Work task: Leave out the pictures and set down exactly the lines from the start of the listing through the one with "Fresh snow texture", both included.
• • • • •
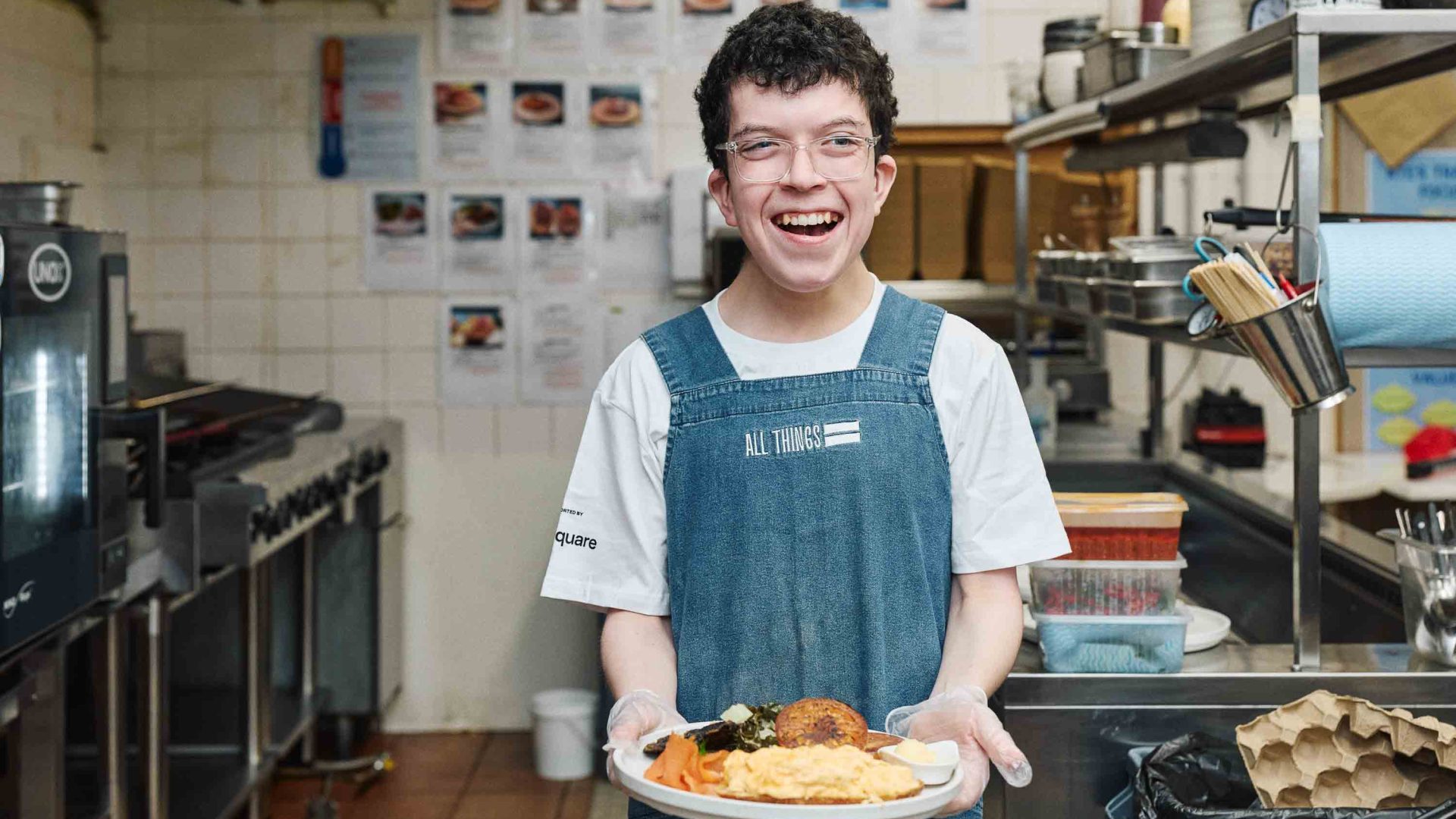 A man holds a plate of food in an industrial kitchen.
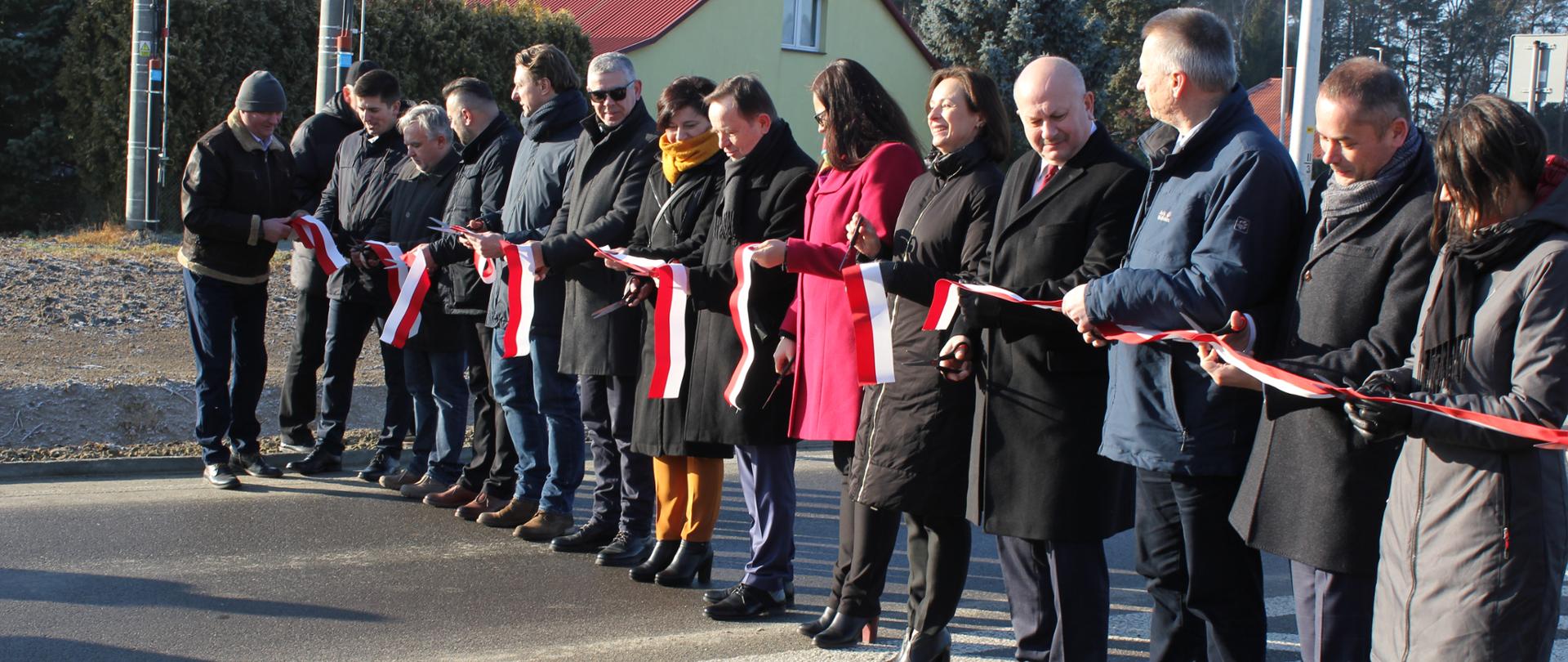 uczestnicy uroczystości z przeciętą wstęgą i nożyczkami stoją na obwodnicy Lubaczowa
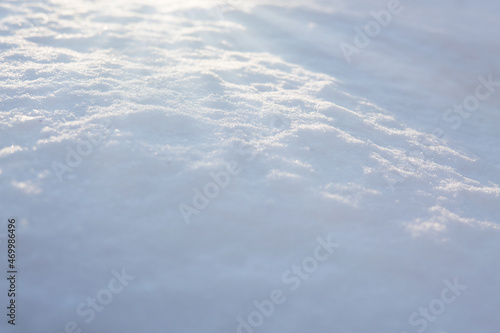 Fresh snow texture background in blue tone and sunlight.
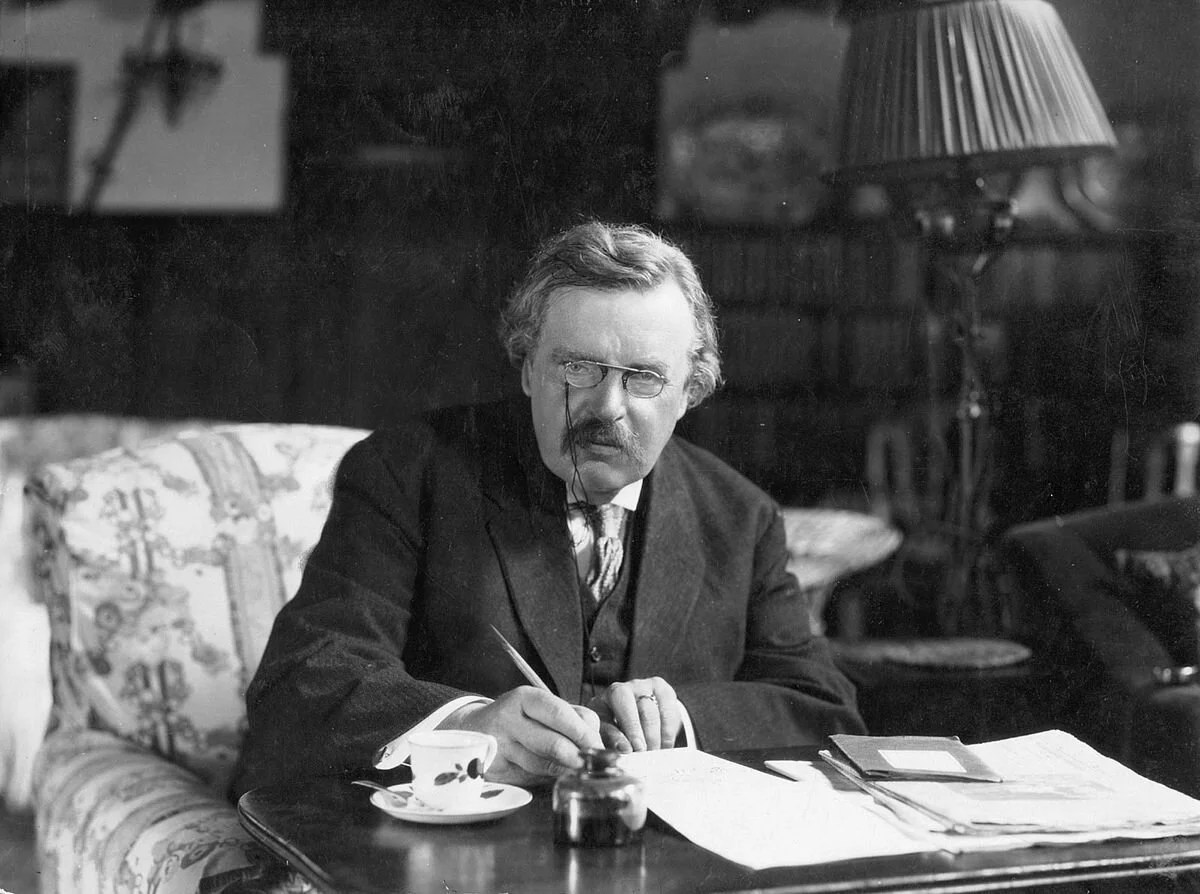 G.K. Chesterton with glasses and a mustache seated at a desk, writing with a fountain pen, surrounded by papers and a teacup, in a dimly lit room.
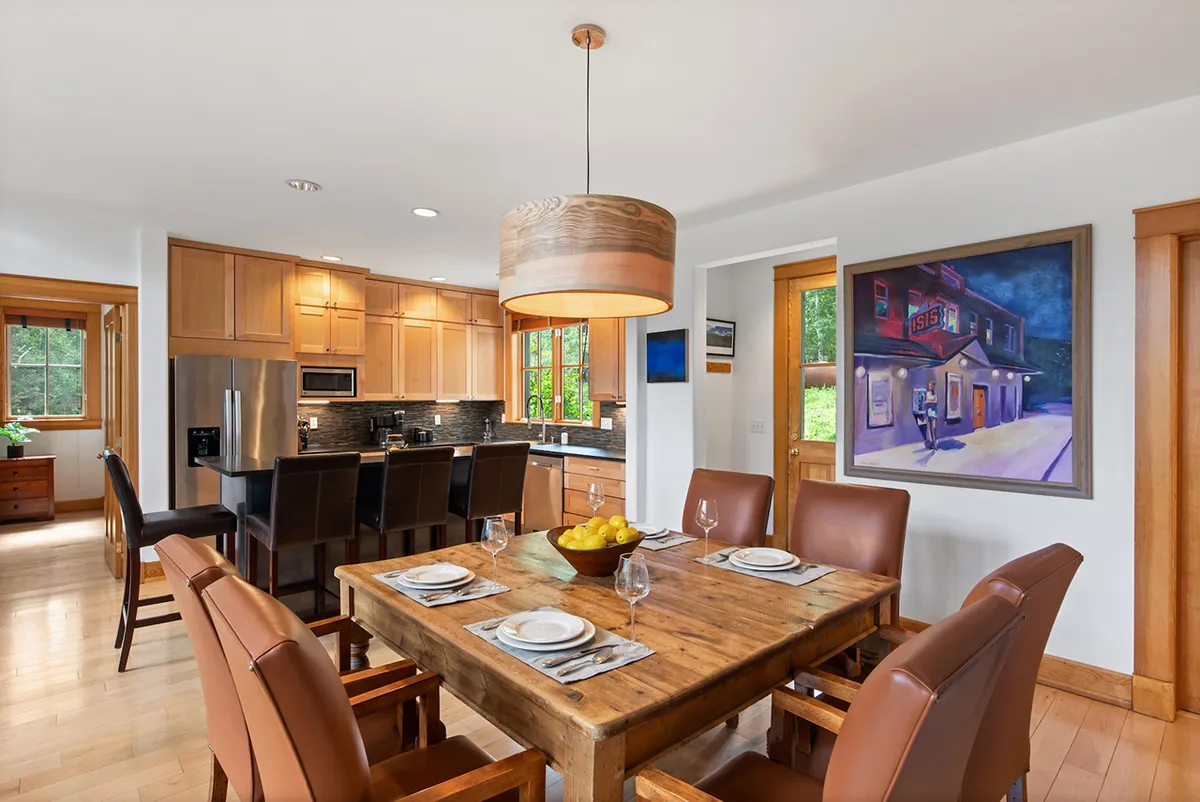 A cozy wooden dining table sits adjacent to the kitchen, set for family gatherings and surrounded by stylish cabinetry and artwork. The scene evokes togetherness, celebration, and the making of culinary memories—core elements of the gathering hub experience.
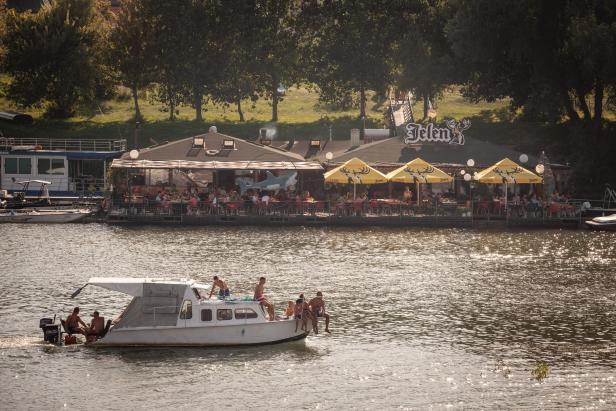 Ein Ausflugsboot fährt auf einem Fluss an einem schwimmenden Restaurant vorbei.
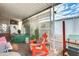 Covered patio with seating, hot tub, and lush potted plants at 11596 W Sierra Dawn Blvd # 134, Surprise, AZ 85378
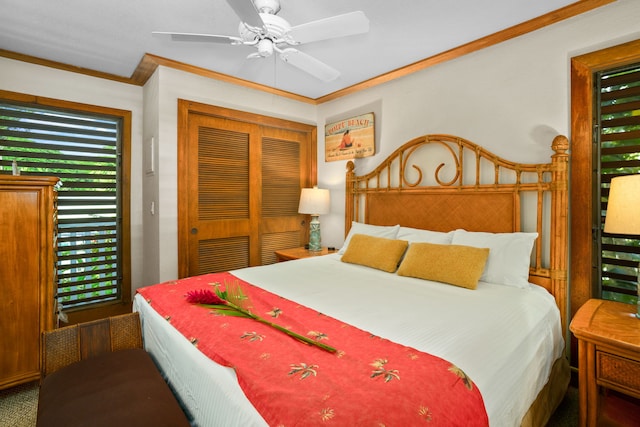 carpeted bedroom with a closet, ceiling fan, and crown molding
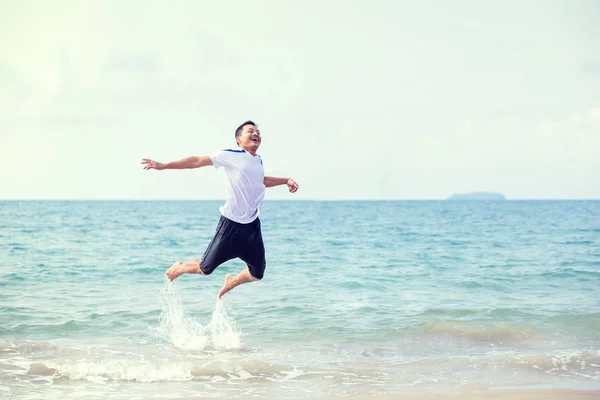 一个男人微笑着跳进海水和水的飞溅中 旅行夏天 放松概念 — 图库照片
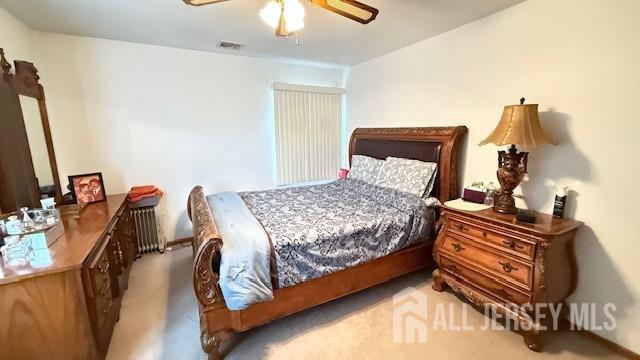 carpeted bedroom with radiator heating unit, visible vents, and ceiling fan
• • • • •
Solution to the exercise:
 A man holds a plate of food in an industrial kitchen.
 uczestnicy uroczystości z przeciętą wstęgą i nożyczkami stoją na obwodnicy Lubaczowa
 Fresh snow texture background in blue tone and sunlight.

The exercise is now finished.